YOUR GOAL:
Below are some records; reproduce every one of them exactly.

PROVIDED DATA:
○ ○ ○

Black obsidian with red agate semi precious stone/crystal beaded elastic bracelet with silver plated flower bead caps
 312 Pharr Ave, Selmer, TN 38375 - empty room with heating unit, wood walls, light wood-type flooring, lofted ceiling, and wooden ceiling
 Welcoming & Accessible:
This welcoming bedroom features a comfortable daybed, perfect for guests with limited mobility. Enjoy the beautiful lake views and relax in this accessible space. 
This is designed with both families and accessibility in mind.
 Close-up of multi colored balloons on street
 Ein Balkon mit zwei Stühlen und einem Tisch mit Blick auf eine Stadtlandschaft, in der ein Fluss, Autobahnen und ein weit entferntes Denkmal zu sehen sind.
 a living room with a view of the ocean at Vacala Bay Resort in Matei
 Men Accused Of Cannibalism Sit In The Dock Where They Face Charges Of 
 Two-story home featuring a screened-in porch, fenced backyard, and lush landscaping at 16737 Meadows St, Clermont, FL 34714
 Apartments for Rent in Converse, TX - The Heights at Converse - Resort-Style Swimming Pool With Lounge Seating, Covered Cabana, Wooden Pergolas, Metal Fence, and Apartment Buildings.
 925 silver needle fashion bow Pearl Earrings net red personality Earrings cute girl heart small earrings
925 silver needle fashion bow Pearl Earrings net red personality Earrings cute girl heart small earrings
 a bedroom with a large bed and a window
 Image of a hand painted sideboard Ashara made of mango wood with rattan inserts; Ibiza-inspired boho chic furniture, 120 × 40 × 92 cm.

○ ○ ○

SOLUTION TO THIS EXERCISE:
Black obsidian with red agate semi precious stone/crystal beaded elastic bracelet with silver plated flower bead caps
 312 Pharr Ave, Selmer, TN 38375 - empty room with heating unit, wood walls, light wood-type flooring, lofted ceiling, and wooden ceiling
 Welcoming & Accessible:
This welcoming bedroom features a comfortable daybed, perfect for guests with limited mobility. Enjoy the beautiful lake views and relax in this accessible space. 
This is designed with both families and accessibility in mind.
 Close-up of multi colored balloons on street
 Ein Balkon mit zwei Stühlen und einem Tisch mit Blick auf eine Stadtlandschaft, in der ein Fluss, Autobahnen und ein weit entferntes Denkmal zu sehen sind.
 a living room with a view of the ocean at Vacala Bay Resort in Matei
 Men Accused Of Cannibalism Sit In The Dock Where They Face Charges Of 
 Two-story home featuring a screened-in porch, fenced backyard, and lush landscaping at 16737 Meadows St, Clermont, FL 34714
 Apartments for Rent in Converse, TX - The Heights at Converse - Resort-Style Swimming Pool With Lounge Seating, Covered Cabana, Wooden Pergolas, Metal Fence, and Apartment Buildings.
 925 silver needle fashion bow Pearl Earrings net red personality Earrings cute girl heart small earrings
925 silver needle fashion bow Pearl Earrings net red personality Earrings cute girl heart small earrings
 a bedroom with a large bed and a window
 Image of a hand painted sideboard Ashara made of mango wood with rattan inserts; Ibiza-inspired boho chic furniture, 120 × 40 × 92 cm.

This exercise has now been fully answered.